__What to work on__:
Restate the data word for word and leave the images out.

####################

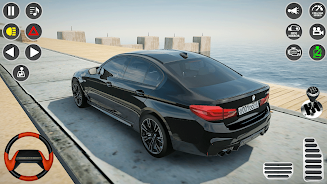 Modern Car Parking 3D Games Captura de tela 3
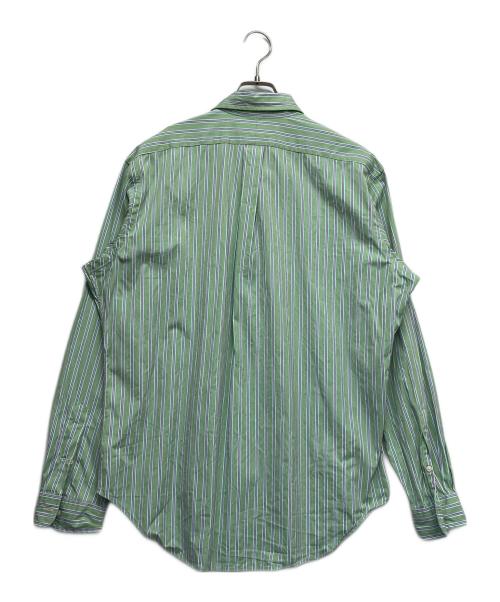 RALPH LAUREN（ラルフローレン）RALPH LAUREN (ラルフローレン) ボタンダウンシャツ レッド×グリーン サイズ:Lの古着・服飾アイテム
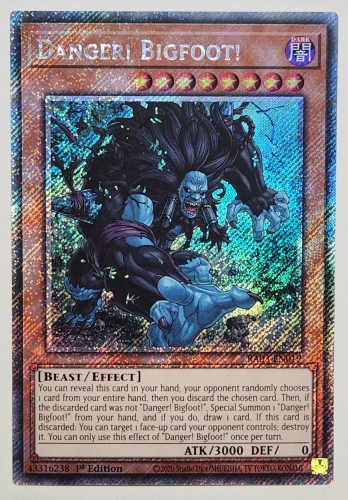 【PS】Danger! Bigfoot! 未界域のビッグフット (1st Edition)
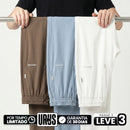 [Leve 3, Pague Só 2!] Calça Keldor Masculina em Tecido Ice Silk e Elastano de Alta Fluidez com Cós Elástico Ajustável
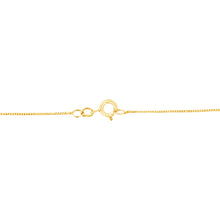 Load image into Gallery viewer, 10k Yellow Gold Plated .925 Sterling Silver 3.0 cttw Round-Cut Diamond Open Heart Pendant Necklace (J-K Color, I1-I2 Clarity) - 18"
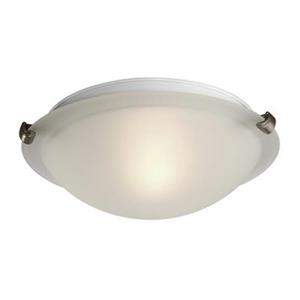 Galaxy 2-Light Pewter Ofelia Flush Mount Ceiling Light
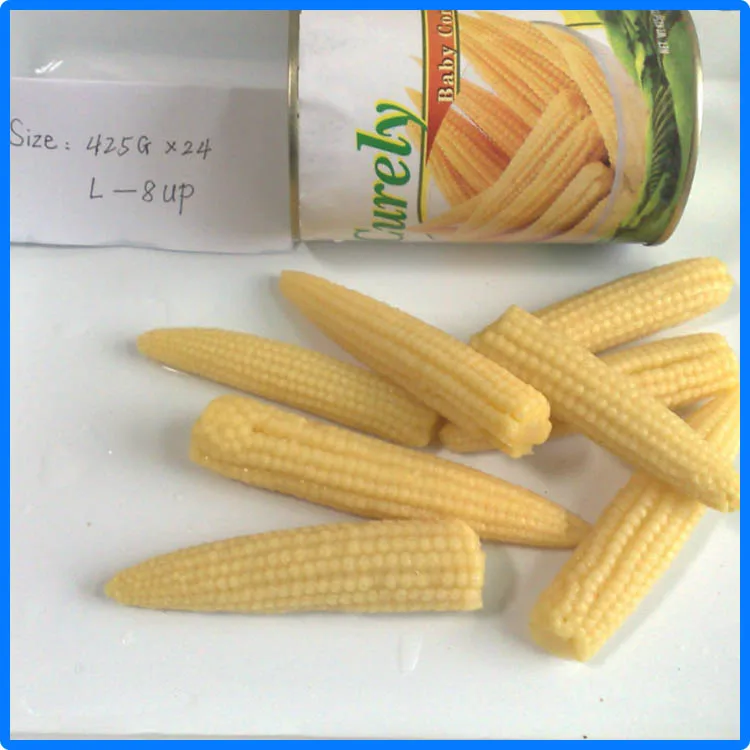 Wholesale Factory Price Canned Food Supplier Canned Vegetables Bulk Canned Baby Corn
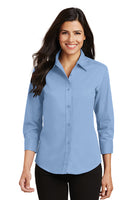 Port Authority® Ladies 3/4-Sleeve Easy Care Shirt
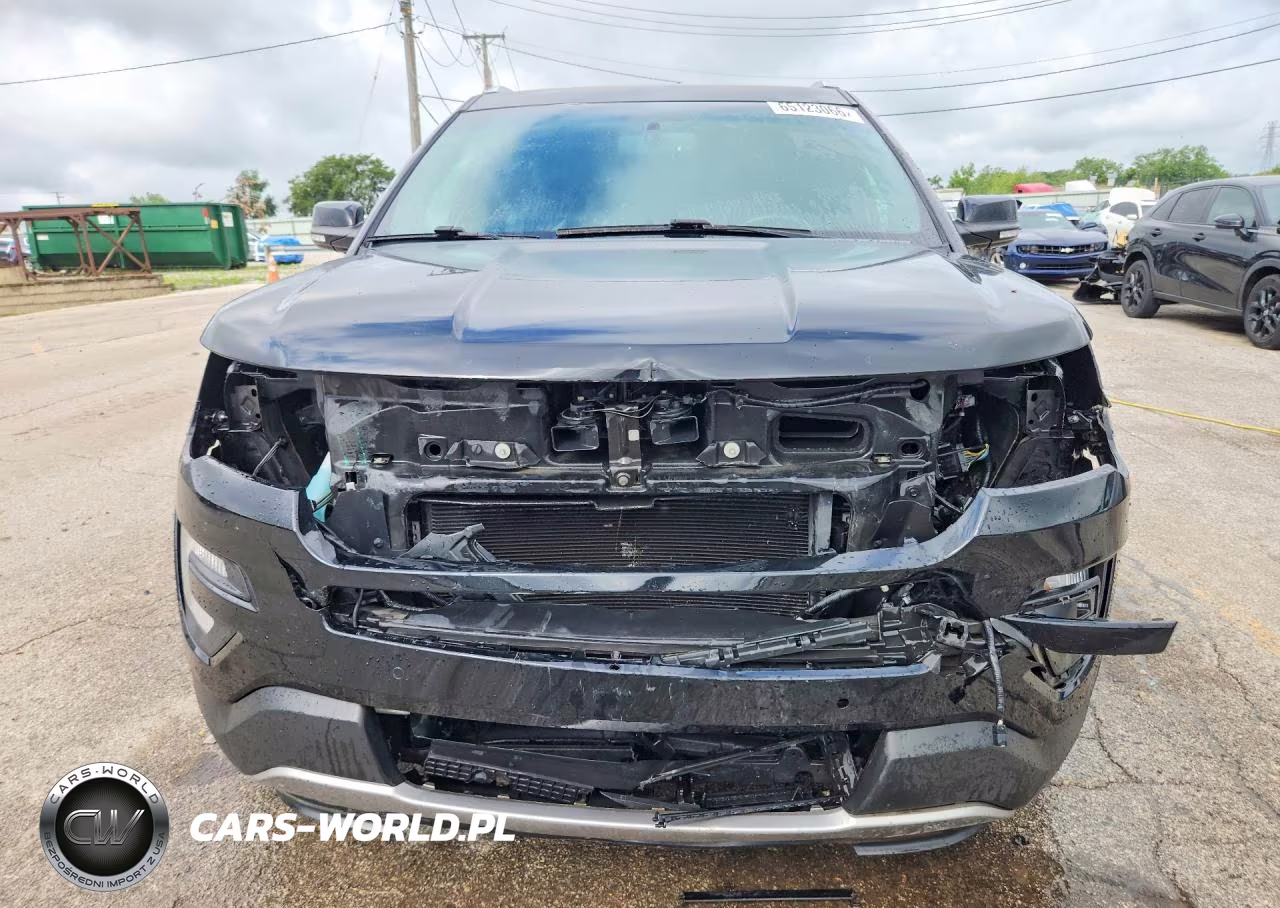 2016 Ford Explorer Limited VIN:1FM5K7F81GGD04201 - 5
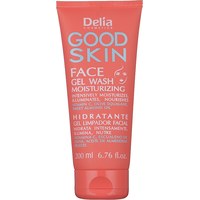 Зображення  Гель для вмивання обличчя Delia Good Skin Зволоження, 200 мл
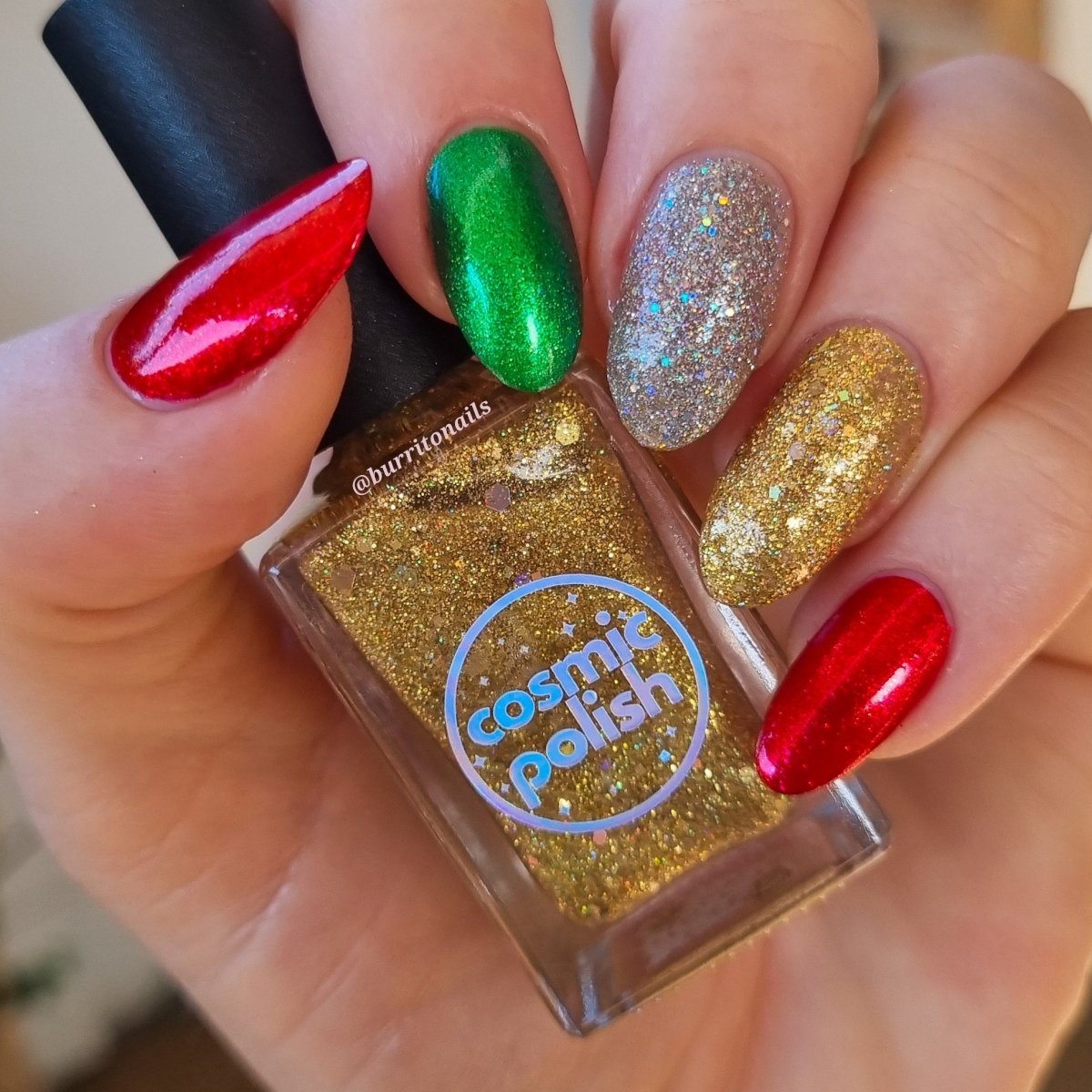 Festive Four - Cosmic Polish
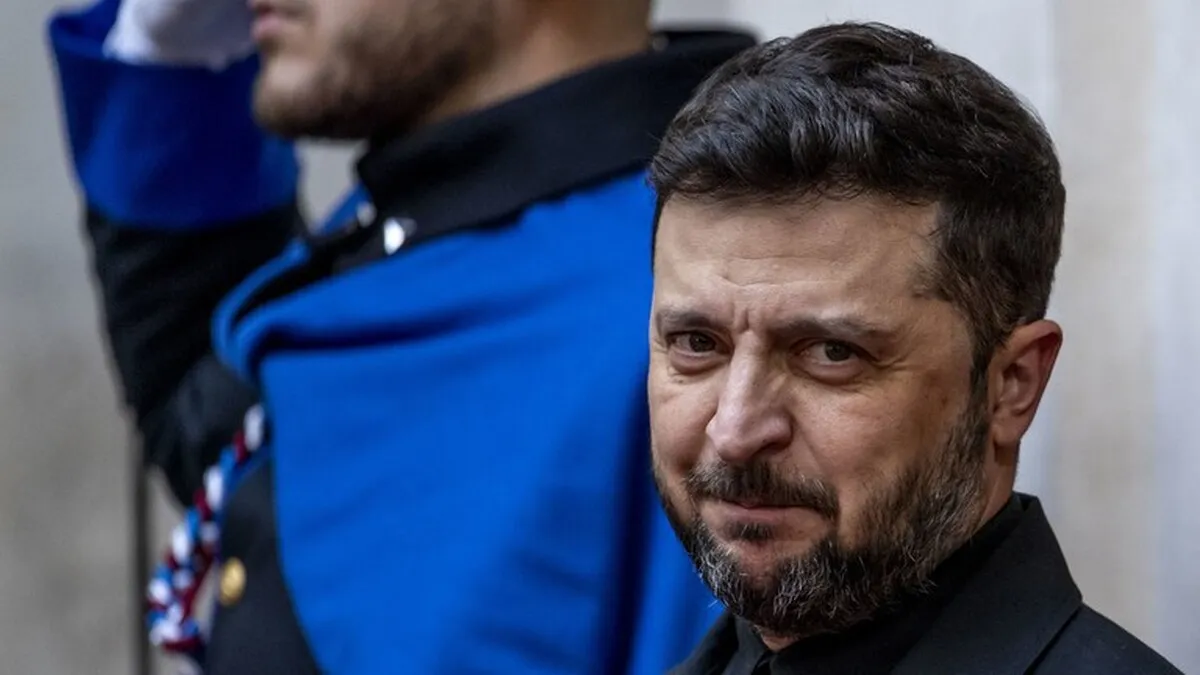 FT: Trump gives Zelensky ‘days’ to respond to peace plan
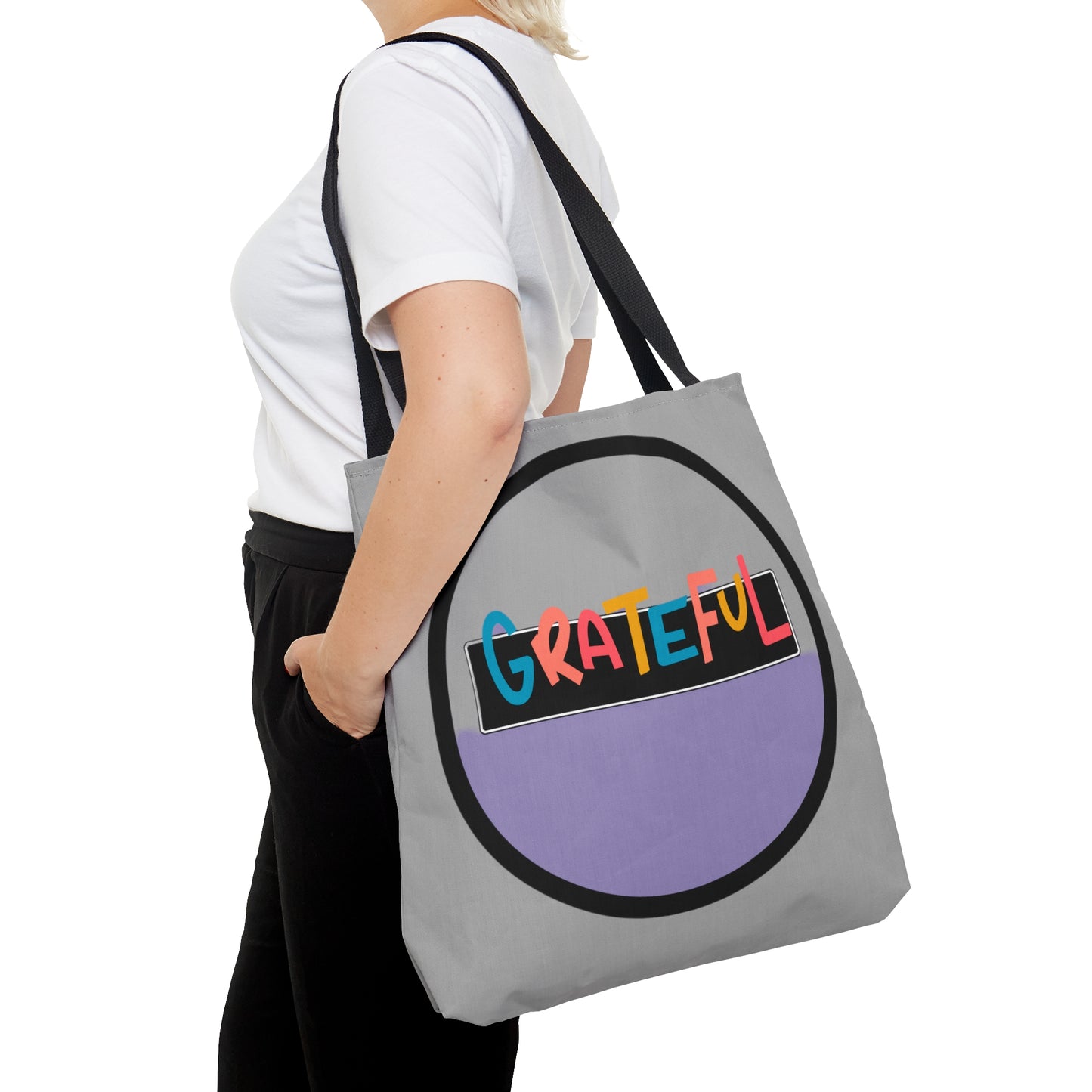 Grateful Tote Bag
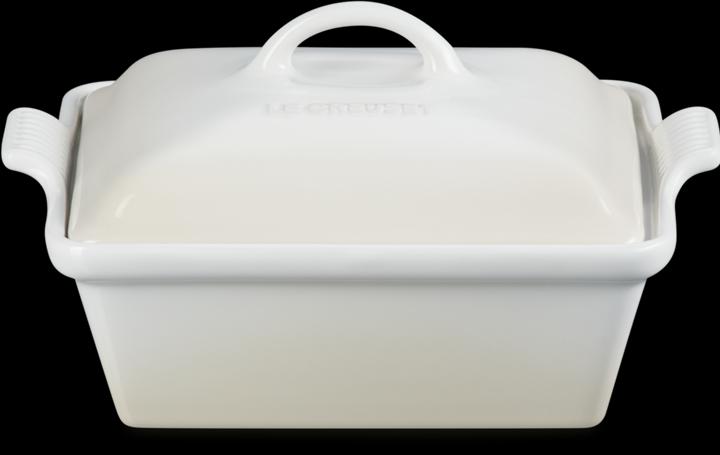 Image du produit Le Creuset Plat à four Tradition Couvercle en grès Carré Meringue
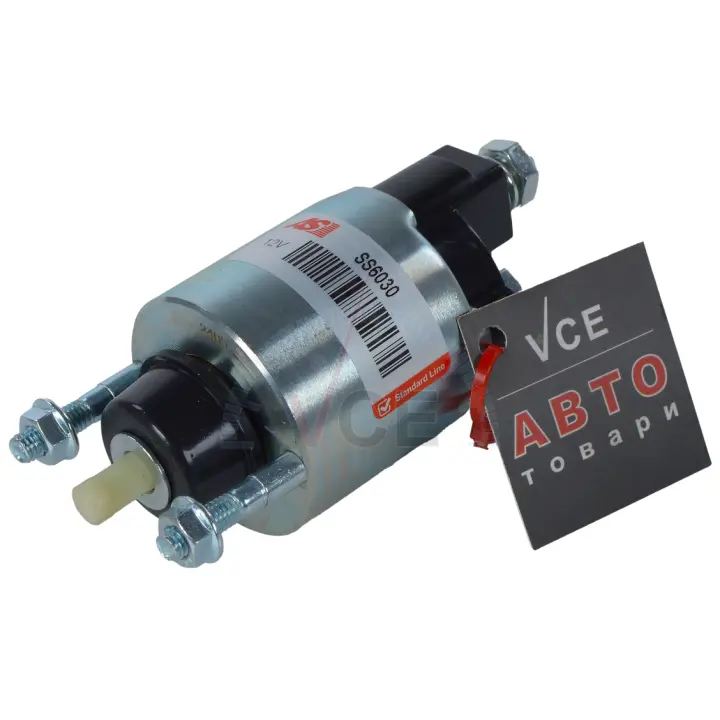 Реле втягуюче стартера AS SS6030 (фото 1)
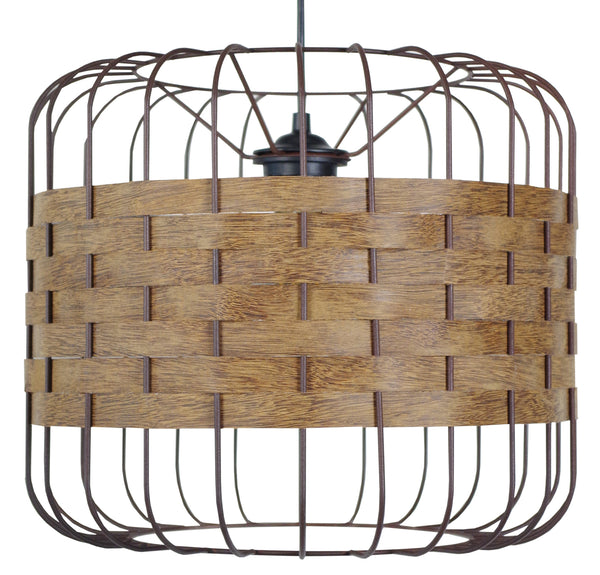 <tc>Suspensão TRESSÉ.BAGO C  40cm - 1 Luz  </tc>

####################

__Reply__:
 Modern Car Parking 3D Games Captura de tela 3
 RALPH LAUREN（ラルフローレン）RALPH LAUREN (ラルフローレン) ボタンダウンシャツ レッド×グリーン サイズ:Lの古着・服飾アイテム
 【PS】Danger! Bigfoot! 未界域のビッグフット (1st Edition)
 [Leve 3, Pague Só 2!] Calça Keldor Masculina em Tecido Ice Silk e Elastano de Alta Fluidez com Cós Elástico Ajustável
 Load image into Gallery viewer, 10k Yellow Gold Plated .925 Sterling Silver 3.0 cttw Round-Cut Diamond Open Heart Pendant Necklace (J-K Color, I1-I2 Clarity) - 18"
 Galaxy 2-Light Pewter Ofelia Flush Mount Ceiling Light
 Wholesale Factory Price Canned Food Supplier Canned Vegetables Bulk Canned Baby Corn
 Port Authority® Ladies 3/4-Sleeve Easy Care Shirt
 2016 Ford Explorer Limited VIN:1FM5K7F81GGD04201 - 5
 Зображення  Гель для вмивання обличчя Delia Good Skin Зволоження, 200 мл
 Festive Four - Cosmic Polish
 FT: Trump gives Zelensky ‘days’ to respond to peace plan
 Grateful Tote Bag
 Image du produit Le Creuset Plat à four Tradition Couvercle en grès Carré Meringue
 Реле втягуюче стартера AS SS6030 (фото 1)
 <tc>Suspensão TRESSÉ.BAGO C  40cm - 1 Luz  </tc>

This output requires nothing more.